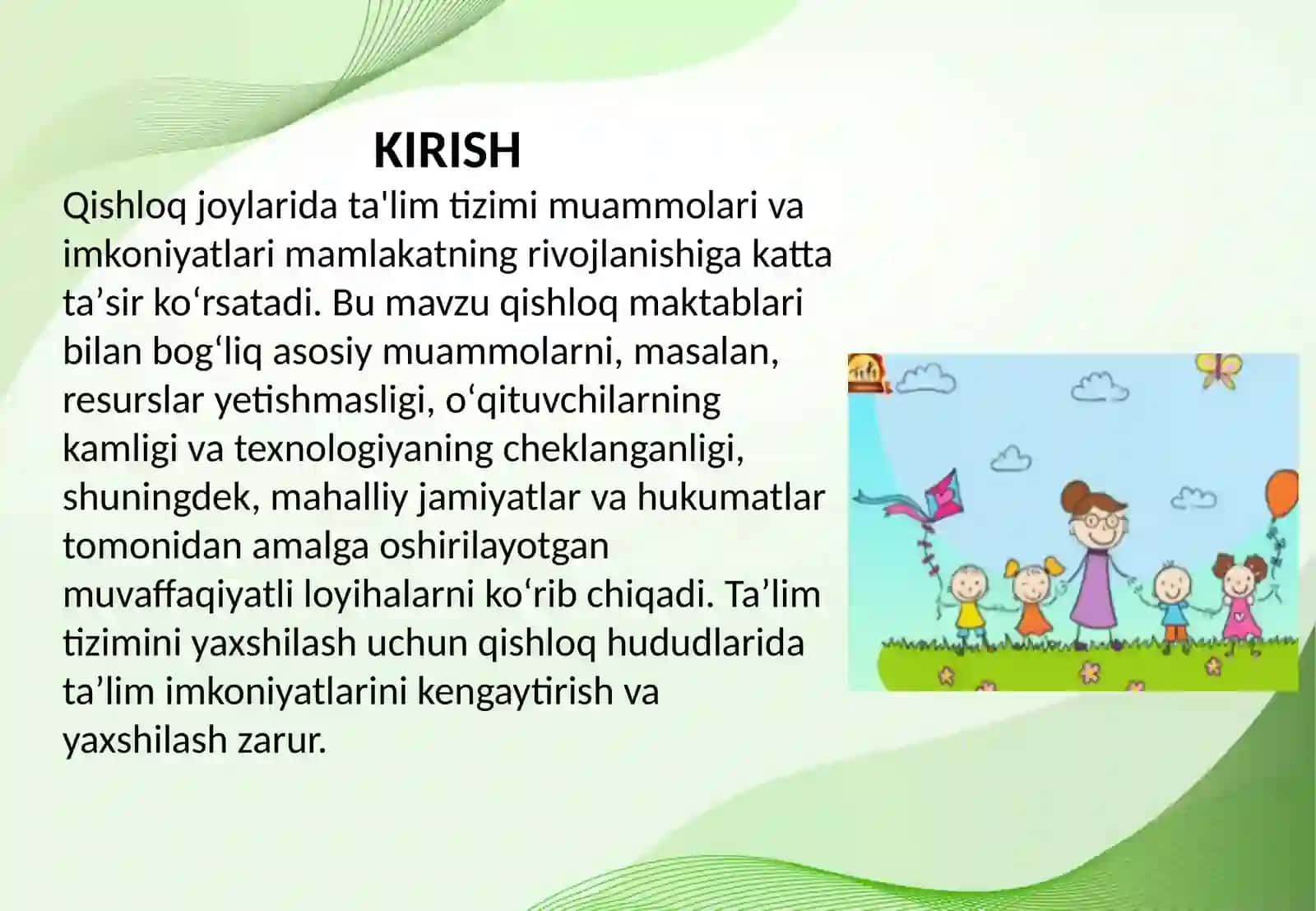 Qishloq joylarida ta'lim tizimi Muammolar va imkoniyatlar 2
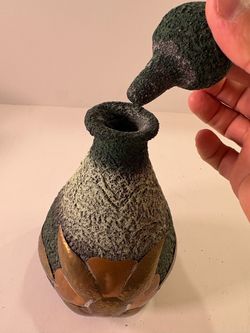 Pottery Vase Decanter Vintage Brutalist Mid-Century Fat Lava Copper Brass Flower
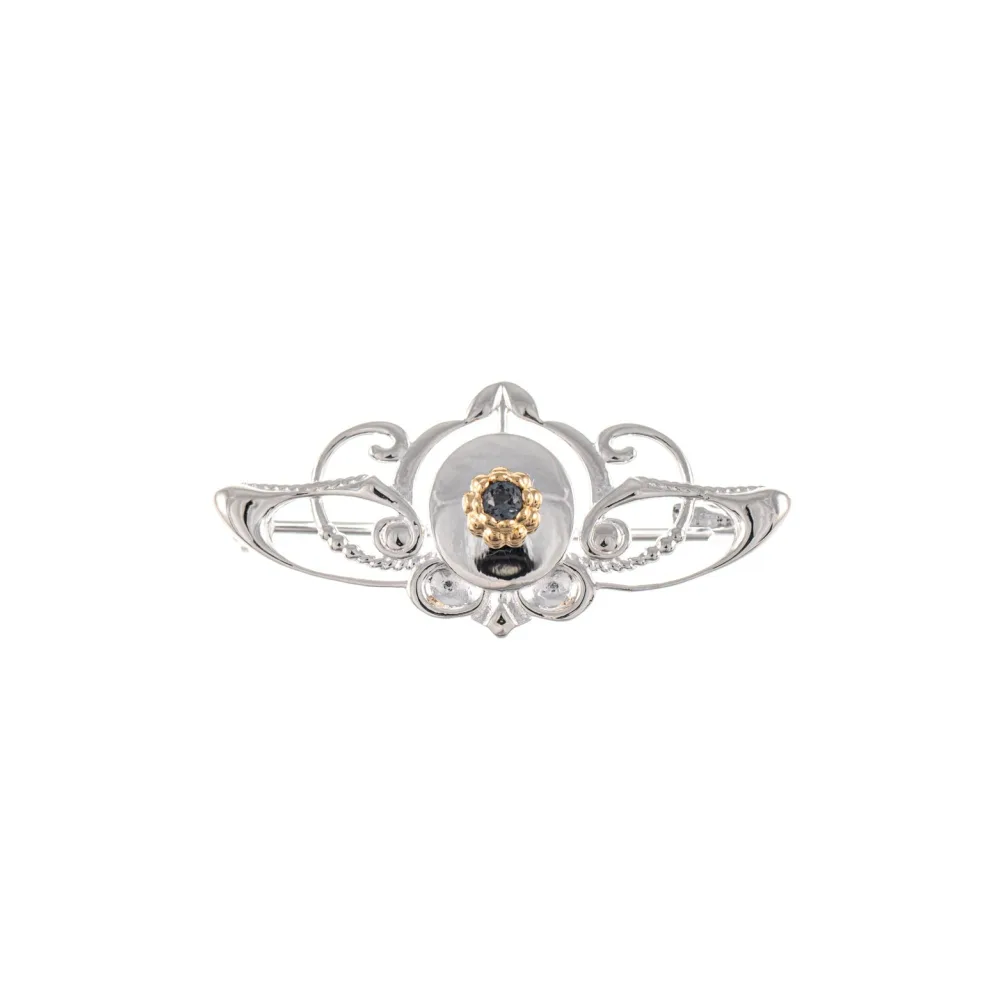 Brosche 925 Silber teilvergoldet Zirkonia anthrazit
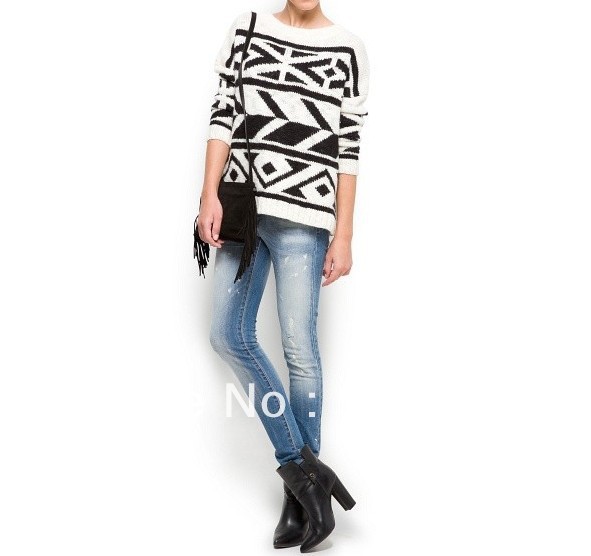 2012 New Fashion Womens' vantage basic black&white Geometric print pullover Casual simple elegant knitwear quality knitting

§ §

= WHAT YOU NEED TO DO =
At the line containing "Pottery Vase Decanter", start reproducing exactly, and stop after the last line of the listing; include both ends, and leave the pictures out.

= THE ANSWER =
 Pottery Vase Decanter Vintage Brutalist Mid-Century Fat Lava Copper Brass Flower
 Brosche 925 Silber teilvergoldet Zirkonia anthrazit
 2012 New Fashion Womens' vantage basic black&white Geometric print pullover Casual simple elegant knitwear quality knitting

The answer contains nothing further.